++++ Data to use ++++
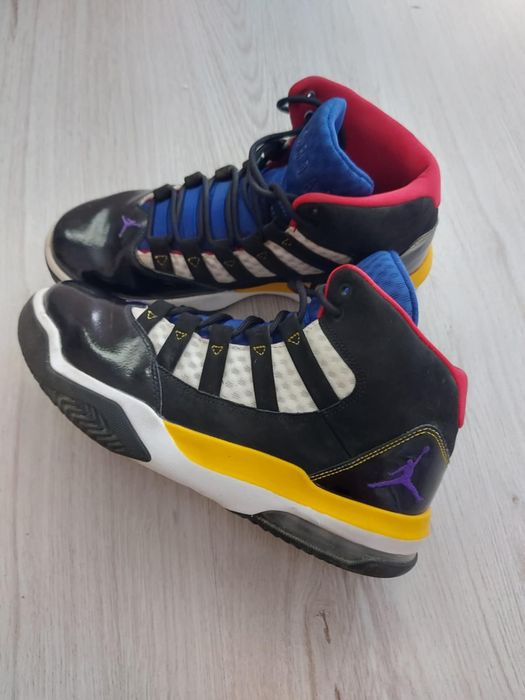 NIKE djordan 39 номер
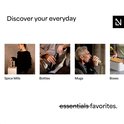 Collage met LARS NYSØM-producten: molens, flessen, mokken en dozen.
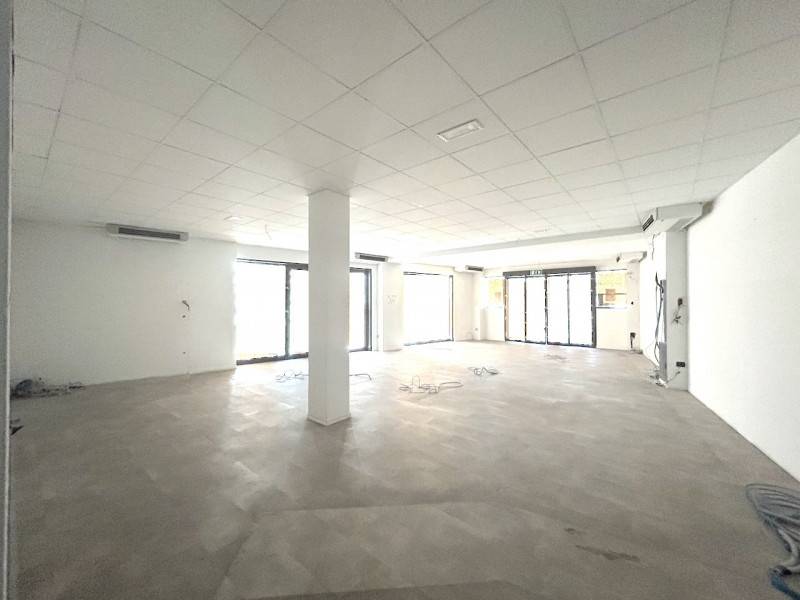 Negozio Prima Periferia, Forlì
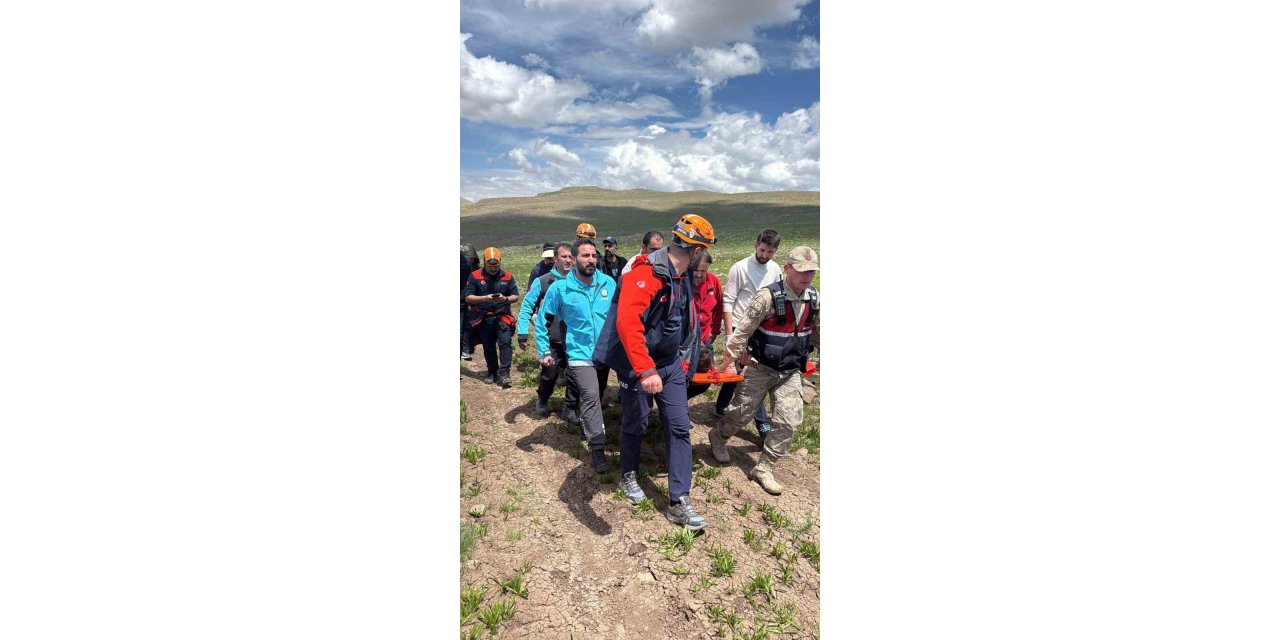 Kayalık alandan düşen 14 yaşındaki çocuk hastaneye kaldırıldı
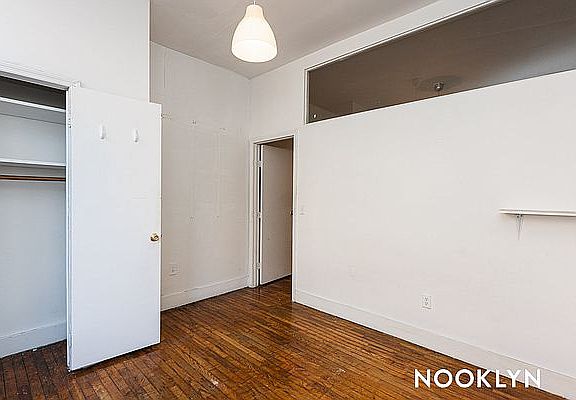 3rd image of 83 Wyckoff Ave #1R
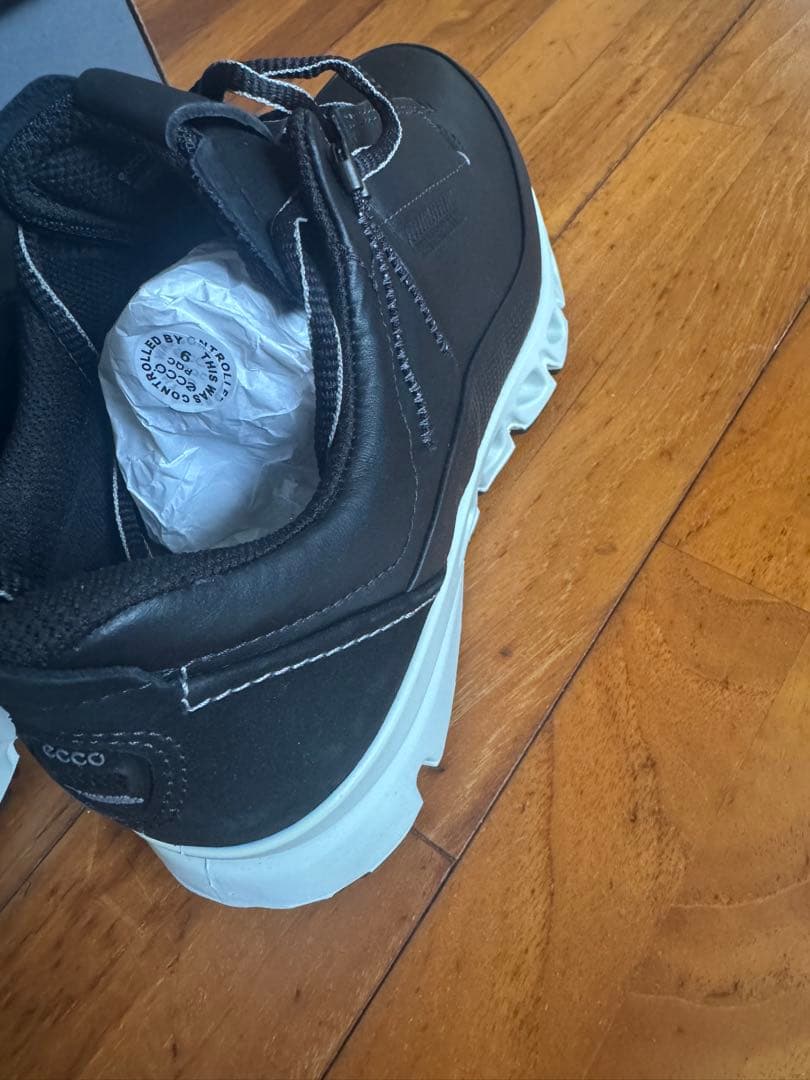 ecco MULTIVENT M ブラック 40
++++
§ **The task**
Leave out every picture, and write out exactly the lines from the one with "Collage met LARS" through the end of the records above, both ends included.

§ **Written response**
 Collage met LARS NYSØM-producten: molens, flessen, mokken en dozen.
 Negozio Prima Periferia, Forlì
 Kayalık alandan düşen 14 yaşındaki çocuk hastaneye kaldırıldı
 3rd image of 83 Wyckoff Ave #1R
 ecco MULTIVENT M ブラック 40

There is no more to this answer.